At 1 a.m. Friday, Nov. 8, police were called to an apartment in Strömstad, Sweden, by neighbors. Because of a lot of loud banging, arguing voices and a screaming child, the neighbors suspected some serious domestic violence was occurring.

Not to fear. All it turned out to be was a young couple trying to assemble an item of furniture. All of the banging and loud voices awoke a young child who started screaming.

Most of us can understand the situation, because we have been there ourselves. That's only one reason I usually work alone and away from others when I assemble any kind of kit.

At one time, assembling furniture, storms doors, shelving or other items was fairly easy. The item was purchased, transported home, checked to make certain all the parts were included and then the instructions followed.

(Of course there are always those who never follow the instructions, but that's another story.)

Anyway, it has increasingly become harder to complete the task of assembling anything purchased in kit form.

Part of the problem is that the manufacturers have managed to find additional ways to make their unassembled products more complicated to assemble properly into the finished furniture, door or whatever.

But that is only part of the problem. The instructions are a major reason assembly of kits is so hard now.

First of all, some manufacturers seem to think assembly instructions should be in picture form. No words. Just drawings. And I guess it works.

Except, the last few items I have assembled from picture-only instructions required some disassembly, then reassembly to do it right.

The storm door assembly instructions did have a few words. Basically they said it was a two-hour job. It is really a nice storm door. Only it took eight hours, not two. It would have helped if a couple of the pieces were actually the same as the instructions pictured.

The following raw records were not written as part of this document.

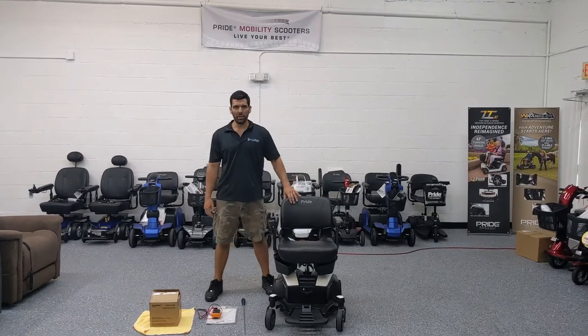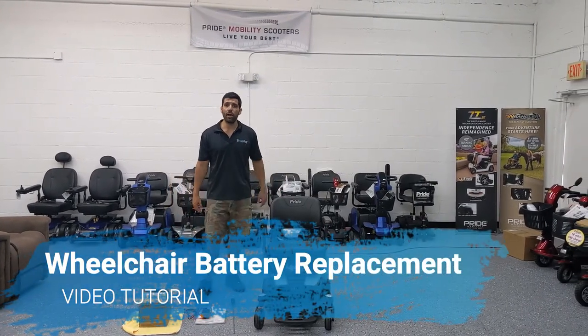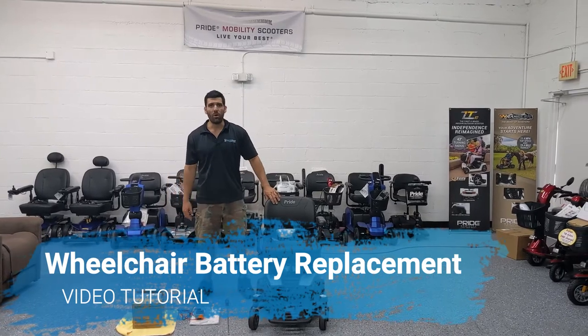Hi everyone, I'm Sergio with Mobility Scooters Direct, and today I'm going to show you how to replace batteries on a power wheelchair.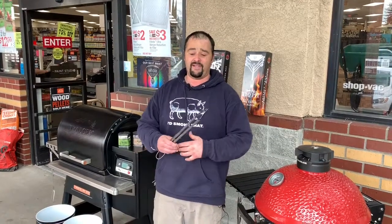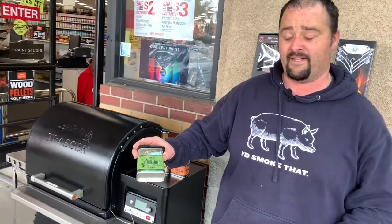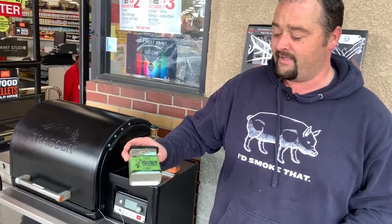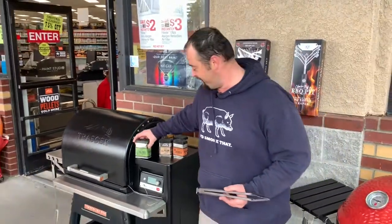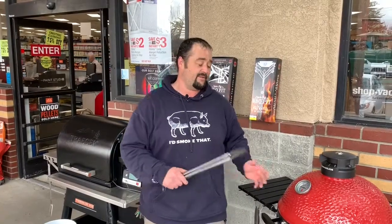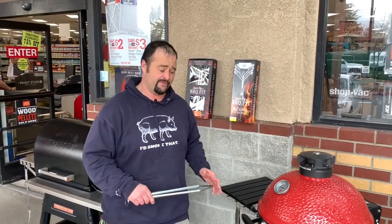Last night I took the membrane off all the rib racks and applied a dry rub to them. I used an Apple Honey Traeger dry rub — really good stuff. Set them on the grates completely exposed, dry rubbed with the membrane removed.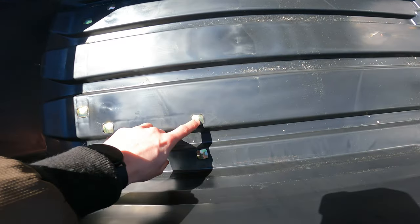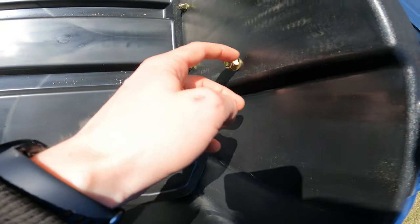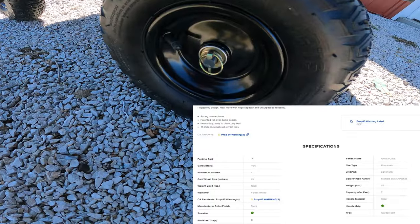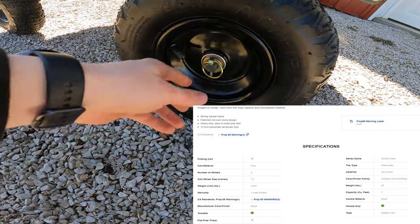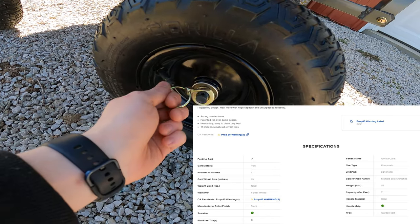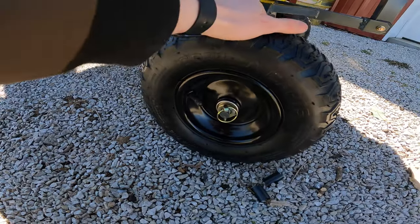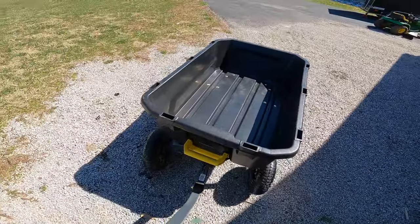We have really nice zinc-coated hardware — everything felt like it was grade eight bolts. Everything included has nylon locking so you don't have to worry about anything backing out even if you don't get it super tight. The wheels are Gorilla Karts brand and very simple — they just use locking pins and have a washer to let them spin freely. The tires are inflated, not solid, meaning they can go flat or be punctured, but they offer a much smoother ride and more carrying capacity.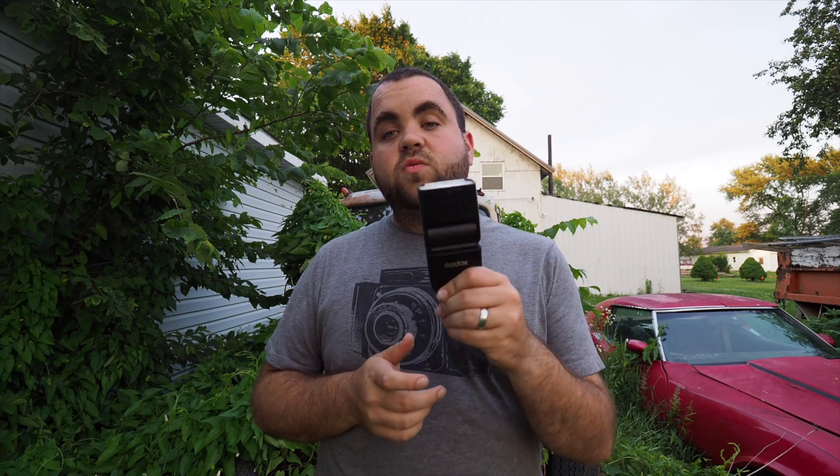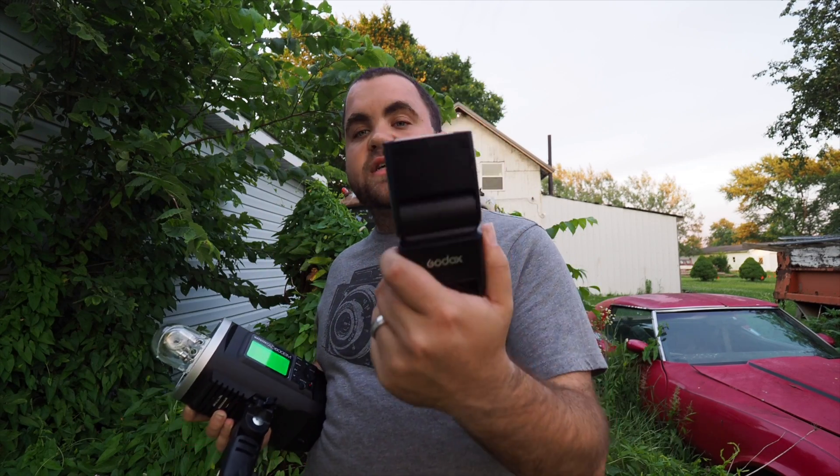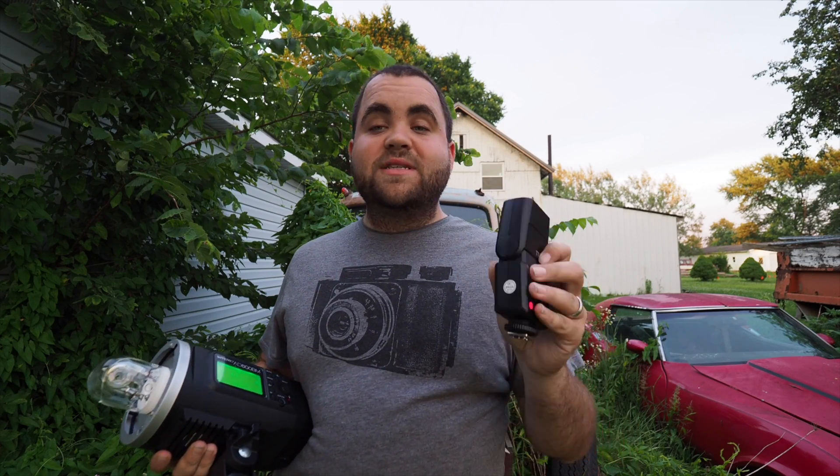All the Olympus shooters are going to be excited because you can actually do high-speed sync with this. I've been testing it this week and it works — this will work as a high-speed sync trigger for your other flashes. I use the AD600 as my flash and I'm getting high-speed sync full power out of it by using this as the transmitter. This also comes in at $85.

The kit had been updated but not the instructions.

Another problem is this: even when there are written directions for assembly or operation, they have often been translated from some other language. Most of the time, the translator has either been a computer, or someone who does not really understand English.

One instruction and operation manual, which was translated from Chinese, is actually very good.

Except for one puzzling warning sentence: "Do not make impatient the relaxing moon."

Hopefully that warning is not about anything really serious.